With these examples in mind, it is easy to understand why the symmetry argument is wrong. The electric field is not uniquely determined by charge density. Charge-neutral entities such as light, dipoles, quadrupoles, etc. can produce non-zero (albeit divergence-less) fields. Therefore, even if the charge density is isotropic, we cannot conclude that the field is as well.

Answer 8

I want to add a new perspective to user10851's comment. As it is already discussed, the solution we want, where we have constant electric density everywhere, is non-zero. Besides, it increases as we get further away from the origin.

It can be argued that the problem is that we can choose origin arbitrarily such that we find exactly the same solution for any point as origin, which seems contradictory because if one asks "what is the electric field at a point $P$?", then we cannot give an answer independently from the origin, i.e. the electric field is origin-dependent (observer dependent).

The perspective I propose is this: THIS SOLUTION IS EXACTLY IDENTICAL TO THE EXPANSION OF OUR UNIVERSE

Our universe is homogeneous but at the same time it is expanding. As it is in the user10851's solution, the expansion is stronger as we get further from the origin of our reference frame. As it is in the solution, the expansion depends on the reference frame we choose.

Thus, the problem in your argument was that the assumption that homogeneity of charge density implies electric field is zero everywhere. As we have seen, it does not.

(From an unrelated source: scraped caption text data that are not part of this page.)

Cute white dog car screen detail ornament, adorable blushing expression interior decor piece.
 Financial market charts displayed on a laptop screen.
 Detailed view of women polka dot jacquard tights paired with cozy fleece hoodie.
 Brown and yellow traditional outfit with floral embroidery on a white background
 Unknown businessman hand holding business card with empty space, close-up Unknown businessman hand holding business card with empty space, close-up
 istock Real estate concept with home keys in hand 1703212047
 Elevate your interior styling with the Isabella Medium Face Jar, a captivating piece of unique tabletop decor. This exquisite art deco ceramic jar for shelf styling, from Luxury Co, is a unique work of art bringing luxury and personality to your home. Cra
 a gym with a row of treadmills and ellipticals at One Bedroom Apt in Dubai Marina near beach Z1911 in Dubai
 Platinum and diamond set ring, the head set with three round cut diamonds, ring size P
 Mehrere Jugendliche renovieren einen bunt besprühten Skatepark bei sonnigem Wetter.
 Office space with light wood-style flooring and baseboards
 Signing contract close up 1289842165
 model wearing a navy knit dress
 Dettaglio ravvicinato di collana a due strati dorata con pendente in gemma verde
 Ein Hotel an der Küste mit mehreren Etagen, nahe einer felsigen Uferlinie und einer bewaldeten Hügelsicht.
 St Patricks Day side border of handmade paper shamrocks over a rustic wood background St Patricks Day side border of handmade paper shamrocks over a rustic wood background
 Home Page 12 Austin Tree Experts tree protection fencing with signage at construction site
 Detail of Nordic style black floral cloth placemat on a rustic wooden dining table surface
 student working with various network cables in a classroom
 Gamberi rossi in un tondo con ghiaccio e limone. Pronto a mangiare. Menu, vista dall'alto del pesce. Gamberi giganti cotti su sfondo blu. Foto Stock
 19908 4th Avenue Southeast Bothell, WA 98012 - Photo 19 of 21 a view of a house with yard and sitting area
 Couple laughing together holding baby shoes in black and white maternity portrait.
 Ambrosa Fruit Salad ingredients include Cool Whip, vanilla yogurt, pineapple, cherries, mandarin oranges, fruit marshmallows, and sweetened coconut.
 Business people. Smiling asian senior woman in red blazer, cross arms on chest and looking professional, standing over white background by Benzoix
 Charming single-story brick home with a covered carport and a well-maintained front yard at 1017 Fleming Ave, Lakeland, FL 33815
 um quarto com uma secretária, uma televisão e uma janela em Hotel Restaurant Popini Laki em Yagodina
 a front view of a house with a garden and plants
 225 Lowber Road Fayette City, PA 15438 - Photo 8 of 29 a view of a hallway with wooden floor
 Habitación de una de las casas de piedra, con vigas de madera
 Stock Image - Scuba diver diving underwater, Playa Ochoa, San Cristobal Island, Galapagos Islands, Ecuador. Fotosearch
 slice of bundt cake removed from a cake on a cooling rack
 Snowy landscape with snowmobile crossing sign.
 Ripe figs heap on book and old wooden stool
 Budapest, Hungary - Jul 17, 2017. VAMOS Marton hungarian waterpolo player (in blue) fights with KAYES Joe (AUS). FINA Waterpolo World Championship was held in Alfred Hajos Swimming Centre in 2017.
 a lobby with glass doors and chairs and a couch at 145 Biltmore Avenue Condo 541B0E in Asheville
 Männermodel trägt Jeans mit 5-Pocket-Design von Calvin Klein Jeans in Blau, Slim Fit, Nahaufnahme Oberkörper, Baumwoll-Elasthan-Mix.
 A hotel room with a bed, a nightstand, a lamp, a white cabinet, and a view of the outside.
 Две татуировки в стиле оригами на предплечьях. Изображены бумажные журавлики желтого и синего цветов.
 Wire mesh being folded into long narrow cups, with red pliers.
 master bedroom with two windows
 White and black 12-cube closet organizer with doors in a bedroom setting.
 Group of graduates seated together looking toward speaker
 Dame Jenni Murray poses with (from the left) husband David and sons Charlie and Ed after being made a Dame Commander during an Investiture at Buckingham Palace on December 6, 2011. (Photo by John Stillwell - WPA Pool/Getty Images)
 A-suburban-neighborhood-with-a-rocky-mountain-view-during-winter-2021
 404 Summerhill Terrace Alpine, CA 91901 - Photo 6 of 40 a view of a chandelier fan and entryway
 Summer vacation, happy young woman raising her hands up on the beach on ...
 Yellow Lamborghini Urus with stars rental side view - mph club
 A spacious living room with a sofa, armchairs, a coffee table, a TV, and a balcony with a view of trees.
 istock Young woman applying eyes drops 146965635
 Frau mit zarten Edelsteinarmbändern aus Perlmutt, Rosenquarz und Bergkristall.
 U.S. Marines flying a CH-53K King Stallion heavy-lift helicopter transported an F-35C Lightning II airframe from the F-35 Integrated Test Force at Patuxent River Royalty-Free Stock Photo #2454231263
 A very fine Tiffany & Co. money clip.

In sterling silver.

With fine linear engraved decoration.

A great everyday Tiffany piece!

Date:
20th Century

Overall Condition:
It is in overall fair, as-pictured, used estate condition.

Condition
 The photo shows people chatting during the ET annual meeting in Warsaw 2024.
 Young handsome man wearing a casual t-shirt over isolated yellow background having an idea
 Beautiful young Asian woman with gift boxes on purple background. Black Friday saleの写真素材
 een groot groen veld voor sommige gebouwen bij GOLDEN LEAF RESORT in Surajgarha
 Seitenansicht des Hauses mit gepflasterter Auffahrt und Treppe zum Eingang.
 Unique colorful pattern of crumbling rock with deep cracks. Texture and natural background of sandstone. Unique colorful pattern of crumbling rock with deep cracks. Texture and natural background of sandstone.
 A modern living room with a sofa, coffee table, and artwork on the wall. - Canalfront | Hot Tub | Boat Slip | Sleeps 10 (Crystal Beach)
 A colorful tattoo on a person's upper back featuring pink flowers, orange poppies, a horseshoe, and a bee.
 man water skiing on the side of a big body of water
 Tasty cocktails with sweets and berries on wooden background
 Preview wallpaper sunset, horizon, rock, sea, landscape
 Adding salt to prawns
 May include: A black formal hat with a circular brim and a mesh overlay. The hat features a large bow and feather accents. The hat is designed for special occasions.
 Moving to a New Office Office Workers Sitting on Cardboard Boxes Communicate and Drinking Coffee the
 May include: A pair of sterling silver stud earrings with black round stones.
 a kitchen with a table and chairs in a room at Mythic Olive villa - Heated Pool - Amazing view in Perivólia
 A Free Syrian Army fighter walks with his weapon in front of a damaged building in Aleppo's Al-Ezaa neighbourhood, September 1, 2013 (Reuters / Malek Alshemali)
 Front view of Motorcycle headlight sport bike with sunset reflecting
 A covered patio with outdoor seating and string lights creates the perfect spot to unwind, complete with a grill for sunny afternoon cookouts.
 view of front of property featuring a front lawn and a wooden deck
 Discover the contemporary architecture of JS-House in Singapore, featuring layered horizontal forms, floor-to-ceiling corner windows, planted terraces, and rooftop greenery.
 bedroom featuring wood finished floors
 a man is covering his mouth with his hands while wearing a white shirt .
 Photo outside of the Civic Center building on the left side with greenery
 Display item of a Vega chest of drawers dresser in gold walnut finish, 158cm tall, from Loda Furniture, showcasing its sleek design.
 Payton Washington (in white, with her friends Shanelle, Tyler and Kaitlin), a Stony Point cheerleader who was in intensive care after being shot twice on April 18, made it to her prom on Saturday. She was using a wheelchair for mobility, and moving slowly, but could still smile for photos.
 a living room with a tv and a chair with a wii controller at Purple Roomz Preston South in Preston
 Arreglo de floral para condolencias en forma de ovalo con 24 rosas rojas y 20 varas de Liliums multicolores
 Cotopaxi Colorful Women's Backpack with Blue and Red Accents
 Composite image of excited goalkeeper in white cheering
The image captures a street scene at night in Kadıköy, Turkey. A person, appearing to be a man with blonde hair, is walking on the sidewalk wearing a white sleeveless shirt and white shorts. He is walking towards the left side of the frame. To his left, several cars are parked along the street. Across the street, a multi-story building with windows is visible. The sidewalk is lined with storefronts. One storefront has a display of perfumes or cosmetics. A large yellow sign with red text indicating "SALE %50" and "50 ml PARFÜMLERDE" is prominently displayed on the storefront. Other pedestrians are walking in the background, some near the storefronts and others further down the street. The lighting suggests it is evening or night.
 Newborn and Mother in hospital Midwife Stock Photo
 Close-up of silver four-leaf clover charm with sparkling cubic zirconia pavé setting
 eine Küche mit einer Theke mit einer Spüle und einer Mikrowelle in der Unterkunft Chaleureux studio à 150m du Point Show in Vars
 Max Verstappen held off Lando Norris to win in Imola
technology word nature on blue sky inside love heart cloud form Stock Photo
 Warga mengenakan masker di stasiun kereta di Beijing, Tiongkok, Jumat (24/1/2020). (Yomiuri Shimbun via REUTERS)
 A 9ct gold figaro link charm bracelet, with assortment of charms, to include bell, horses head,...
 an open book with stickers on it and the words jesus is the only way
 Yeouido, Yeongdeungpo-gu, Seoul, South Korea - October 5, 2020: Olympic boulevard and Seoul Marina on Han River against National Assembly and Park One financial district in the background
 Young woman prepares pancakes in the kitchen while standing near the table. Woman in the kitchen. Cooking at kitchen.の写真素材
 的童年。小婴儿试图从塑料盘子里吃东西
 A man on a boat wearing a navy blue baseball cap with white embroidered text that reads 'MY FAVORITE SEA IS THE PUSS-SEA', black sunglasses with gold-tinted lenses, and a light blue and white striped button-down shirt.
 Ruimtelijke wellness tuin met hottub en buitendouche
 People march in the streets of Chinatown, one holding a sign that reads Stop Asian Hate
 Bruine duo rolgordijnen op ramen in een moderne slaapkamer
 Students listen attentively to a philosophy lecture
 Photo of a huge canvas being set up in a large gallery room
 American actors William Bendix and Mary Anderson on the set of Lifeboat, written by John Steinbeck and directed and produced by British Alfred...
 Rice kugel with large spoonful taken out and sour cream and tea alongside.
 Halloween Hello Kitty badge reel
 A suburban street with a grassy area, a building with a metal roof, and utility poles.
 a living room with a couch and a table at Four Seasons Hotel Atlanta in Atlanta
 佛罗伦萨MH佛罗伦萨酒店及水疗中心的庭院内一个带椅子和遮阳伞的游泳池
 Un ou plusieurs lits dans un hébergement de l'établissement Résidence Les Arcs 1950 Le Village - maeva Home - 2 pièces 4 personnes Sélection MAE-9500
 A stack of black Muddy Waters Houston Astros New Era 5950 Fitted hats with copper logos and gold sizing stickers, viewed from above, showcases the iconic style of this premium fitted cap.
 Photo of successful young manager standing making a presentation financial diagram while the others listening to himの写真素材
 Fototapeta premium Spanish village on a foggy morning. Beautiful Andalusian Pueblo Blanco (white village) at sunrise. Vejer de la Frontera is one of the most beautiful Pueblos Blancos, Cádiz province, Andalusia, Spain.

IMPORTANT NOTE: The expansion of universe is only an example to show that homogeneous does not imply stability. I, of course, do not propose the expansion of the universe is related to charge or electric field

Answer 9

Just a quick point about your symmetry argument. The exact cancellation of all electric field contributions at a point $P$ goes wrong because there is no contribution to cancel the contribution from the charge element at $P$ itself. As other posters stated, you must start with Gauss' Law as written and integrate your given charge density. You won't get a uniformly zero electric field.